For me, this raises an interesting possibility about how to interpret GPT-4’s role here. Perhaps, in some cases, GPT-4’s judgments can be seen as already averaging across multiple judgments—i.e., GPT-4 represents a “larger sample” than any given human judgment. This isn’t entirely implausible: GPT-4, after all, is trained on much more linguistic input than any human sees in a lifetime; that input also represents language that was produced by many different human speakers and writers. Thus, GPT-4’s “guesses” about the next word may reflect something like the average guess. In limited cases, then, these guesses may already incorporate the wisdom of the crowd, which would explain why GPT-4’s judgments are more correlated with the human average than most individual human judgments are.
This also has deep connections to statistical concepts like the Central Limit Theorem, which I may delve into in more detail in another post.
I’m hoping to have all this code and data up on GitHub soon; if you’d like to see it before then, let me know and I’ll make an effort to speed up this process. Also, note that the analyses described here were not pre-registered; they were pretty straightforward and didn’t leave much room for researcher degrees of freedom, but I do think pre-registration is important. Moving forward, I aim to pre-register all work in this vein.
As far as I can tell, the paper doesn’t say how much each person was paid. The reason this is relevant is if GPT-4 could be used to provide similarity judgments, it may be cheaper than recruiting, say, 500 participants on Amazon Mechanical Turk.

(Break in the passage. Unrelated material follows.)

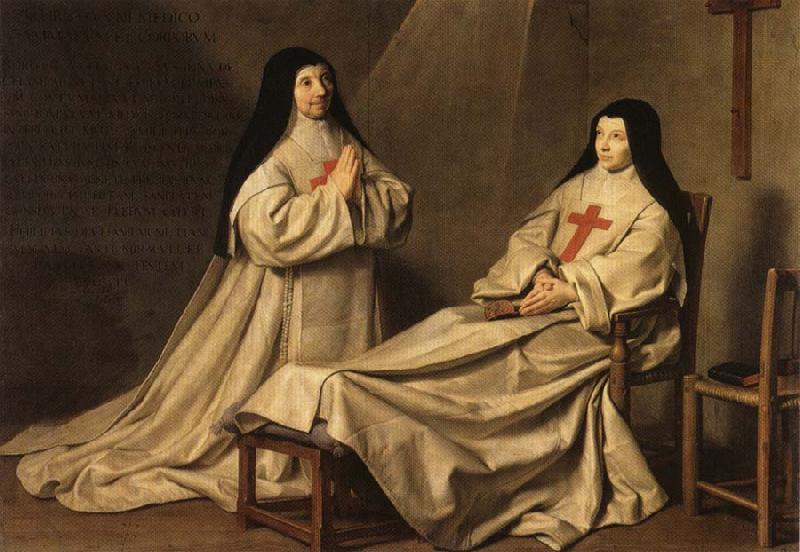 Philippe de Champaigne Mother Catherine Agnes and Sister Catherine Sainte-Suzanne oil painting image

It’s also possible, in principle, that “host” is referring to the sacramental bread. The fun thing about language is that it’s actually very difficult to definitively rule out a given interpretation. The point is that some interpretations are more salient than others, and that’s what we wanted to test with humans.
BERT used to be “state of the art” but has now been far outstripped by LLMs like GPT-3 and GPT-4
ELMo was another popular LLM at the time.
For interested readers, we’ve since followed up on this work in a series of psycholinguistic experiments that were recently published in Psychological Review: paper here.
There’s a separate (and important) question about the ethics of doing this. Personally, I’m not really sure how to compare the ethical harms or benefits of replacing human labor—which is mostly crowd-sourced for very low wages through Amazon Mechanical Turk—with an LLM. In isolation, it’s of course harmful for anyone’s job to be automated. But there were already real, serious concerns about exploitation of human labor on the Mechanical Turk platform. If researchers are concerned about this—and I think it’s fair to be—then they could also consider the fact that because GPT-4 is considerably cheaper than (already cheap) human annotators, researchers could donate some percentage of that savings to an effective charity of their choice.
This might sound like a stretch to some, but I don’t think it is: remember that the whole point of collecting multiple judgments is to produce some average judgment, which is used as a kind of gold standard. There are certainly conceptual issues with doing so when it comes to constructs that display considerable individual variance, but this has been the paradigm in NLP and psycholinguistics for some time now.